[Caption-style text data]
----------
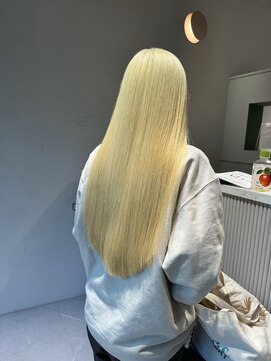 ムーム(Momb) 抜きっぱなしブロンド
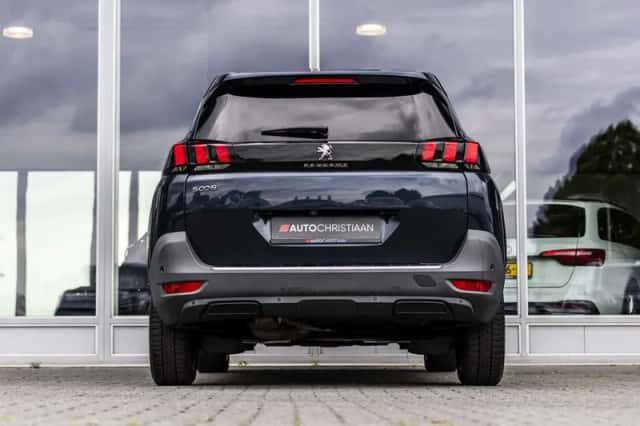 Peugeot 5008 (2018) thumbnail 1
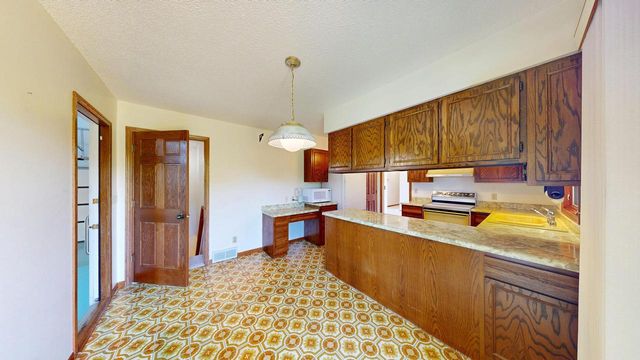 N1149 Brookside DRIVE, La Crosse, WI 54601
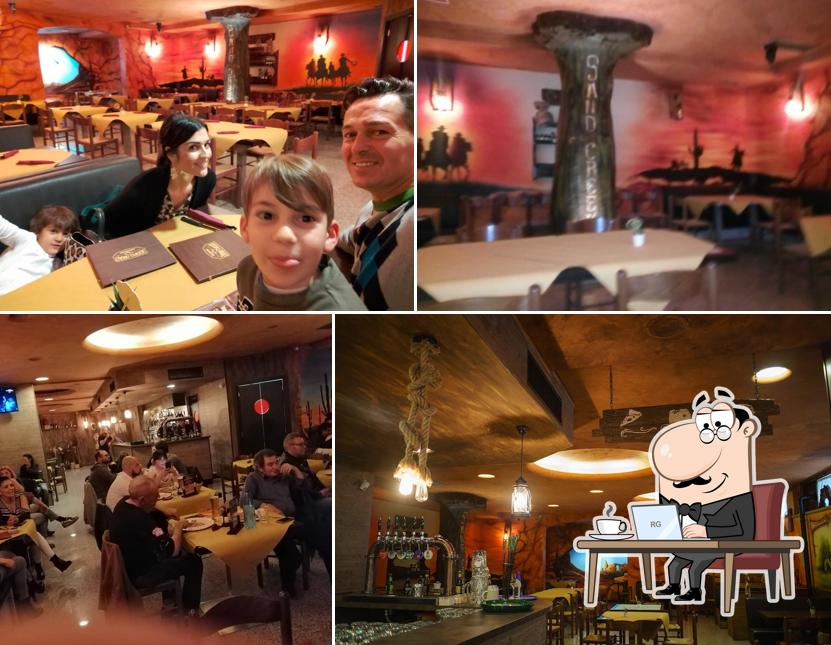 L'intérieur de Sand Creek Pub pizzeria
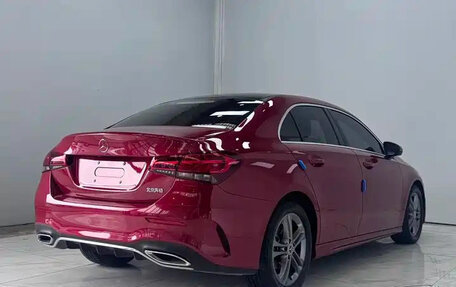 Mercedes-Benz A-Класс, 2022 год, 1 900 000 рублей, 2 фотография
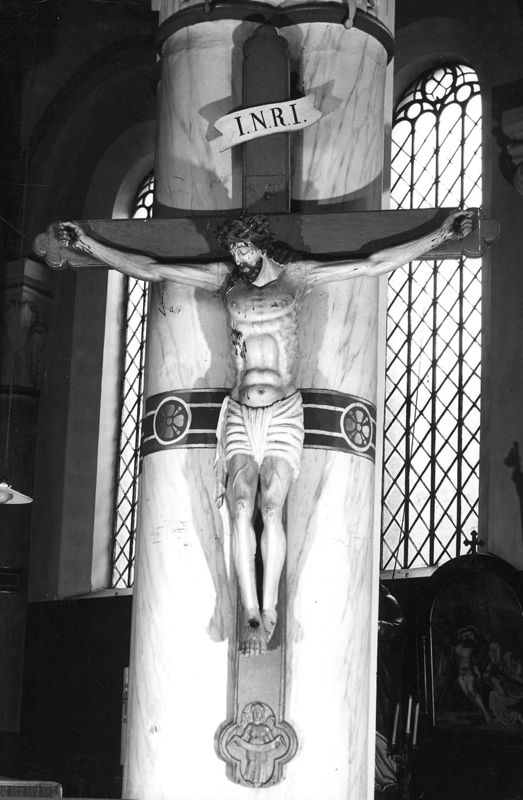Christ en croix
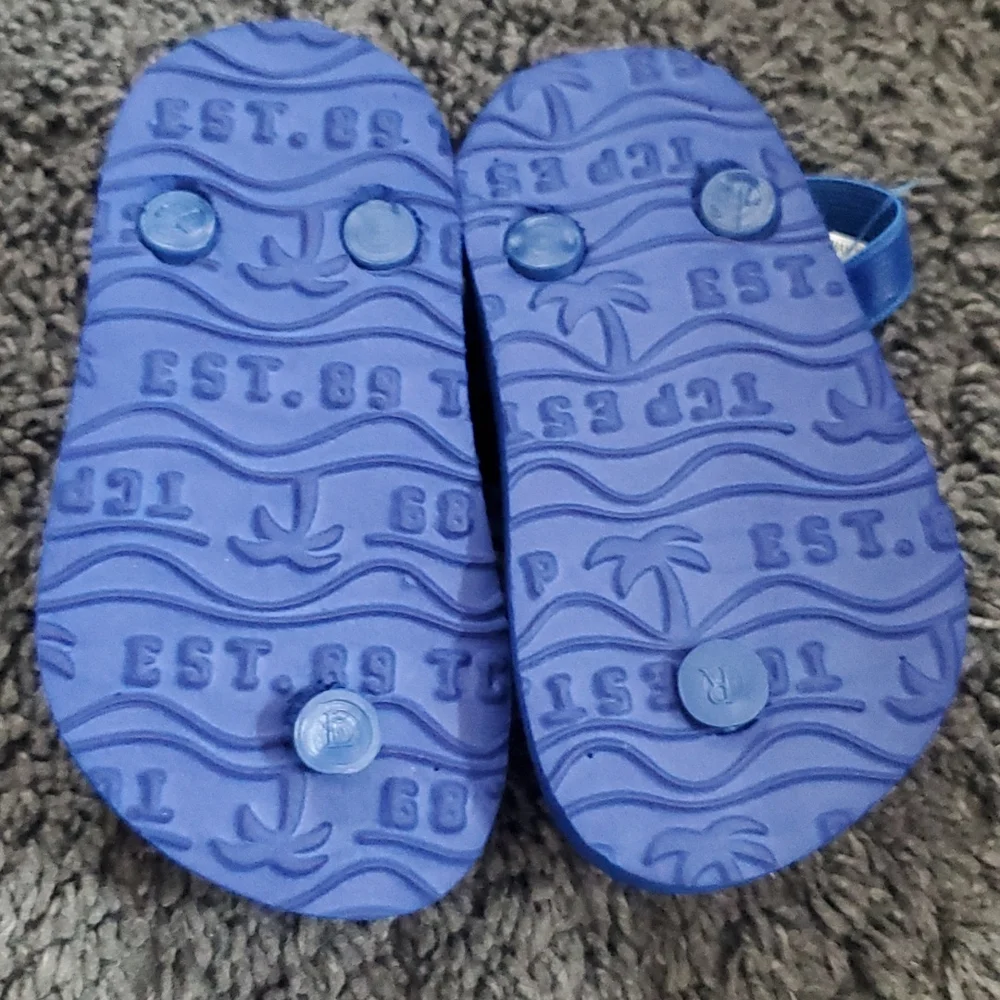 Toddler Sandals/Water Shoes Bundle Size Various - Picture 17 of 17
----------
■ YOUR OBJECTIVE
Write the entries out again word for word. Omit all pictures from them.

■ ANSWER SPACE
 ムーム(Momb) 抜きっぱなしブロンド
 Peugeot 5008 (2018) thumbnail 1
 N1149 Brookside DRIVE, La Crosse, WI 54601
 L'intérieur de Sand Creek Pub pizzeria
 Mercedes-Benz A-Класс, 2022 год, 1 900 000 рублей, 2 фотография
Christ en croix
 Toddler Sandals/Water Shoes Bundle Size Various - Picture 17 of 17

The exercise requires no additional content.